» TASK DETAILS:
Output must consist only of the lines of the material below from the one with "Frédéric MENGUY (1927-2007). Personnages..." through the one with "Carrot Easter Basket Tag", each reproduced exactly; no pictures belong in it.

» RECORDS FOR PROCESSING:

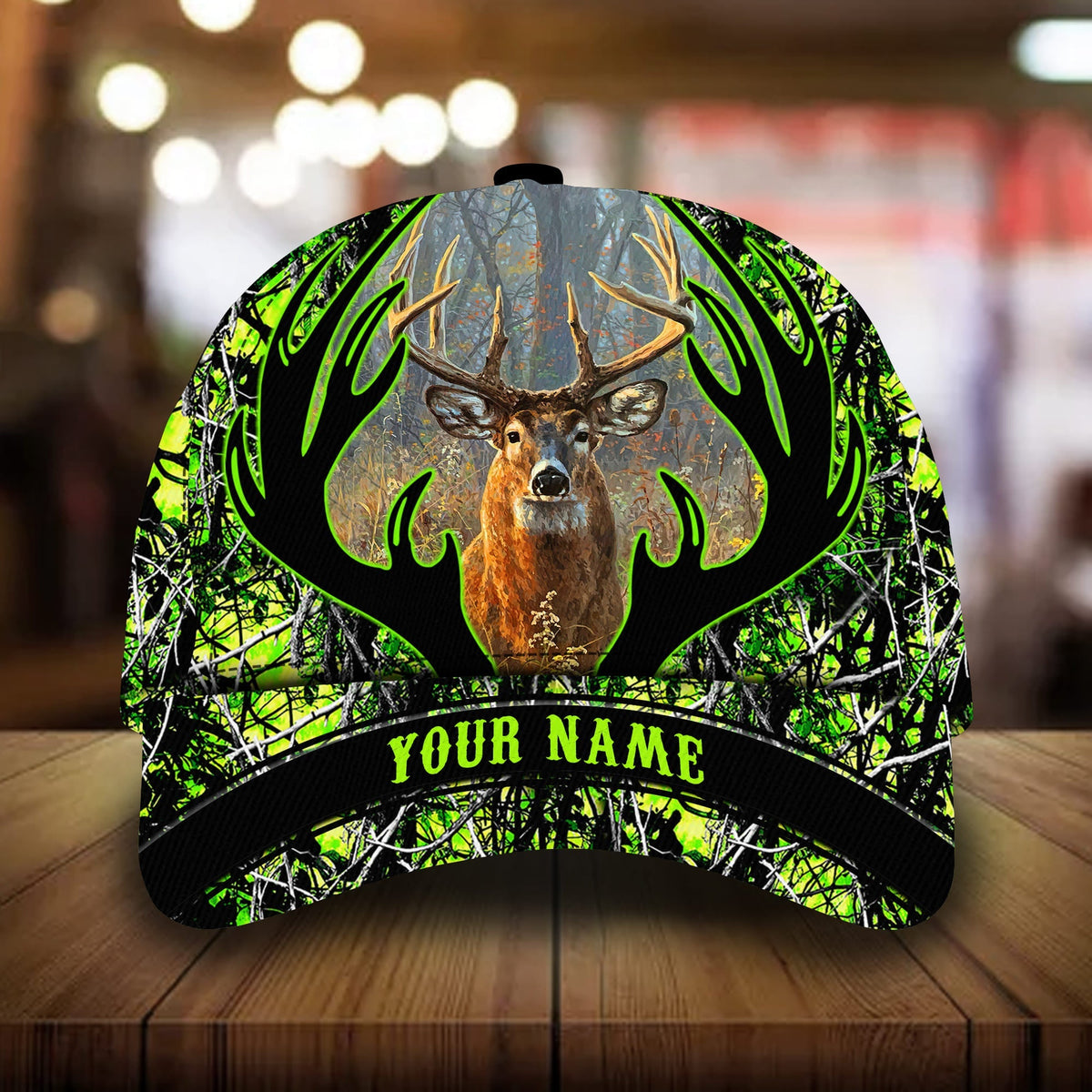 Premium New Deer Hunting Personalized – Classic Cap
...
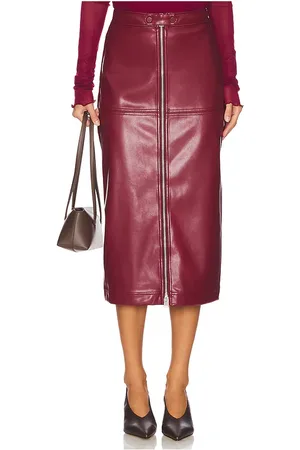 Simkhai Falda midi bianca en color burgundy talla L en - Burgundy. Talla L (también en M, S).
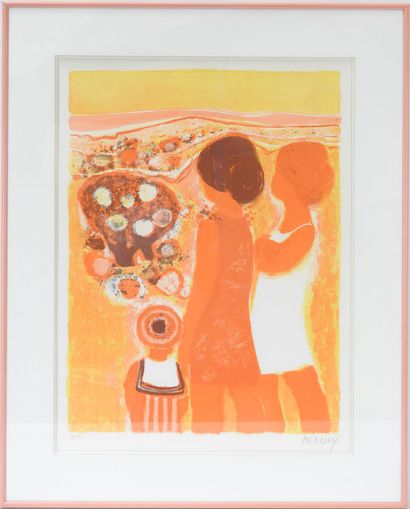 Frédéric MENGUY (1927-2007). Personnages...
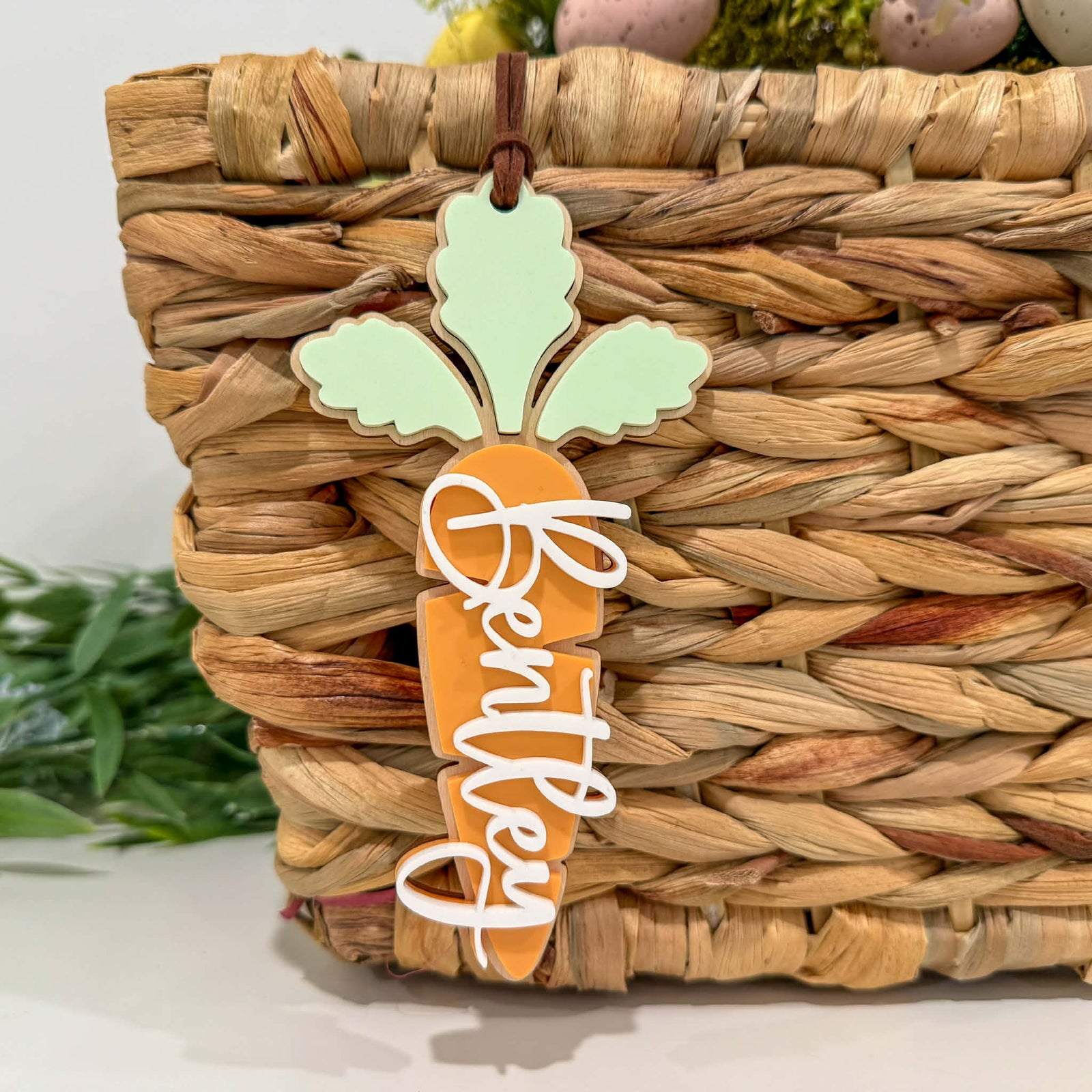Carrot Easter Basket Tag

» TASK OUTPUT:
 Frédéric MENGUY (1927-2007). Personnages...
Carrot Easter Basket Tag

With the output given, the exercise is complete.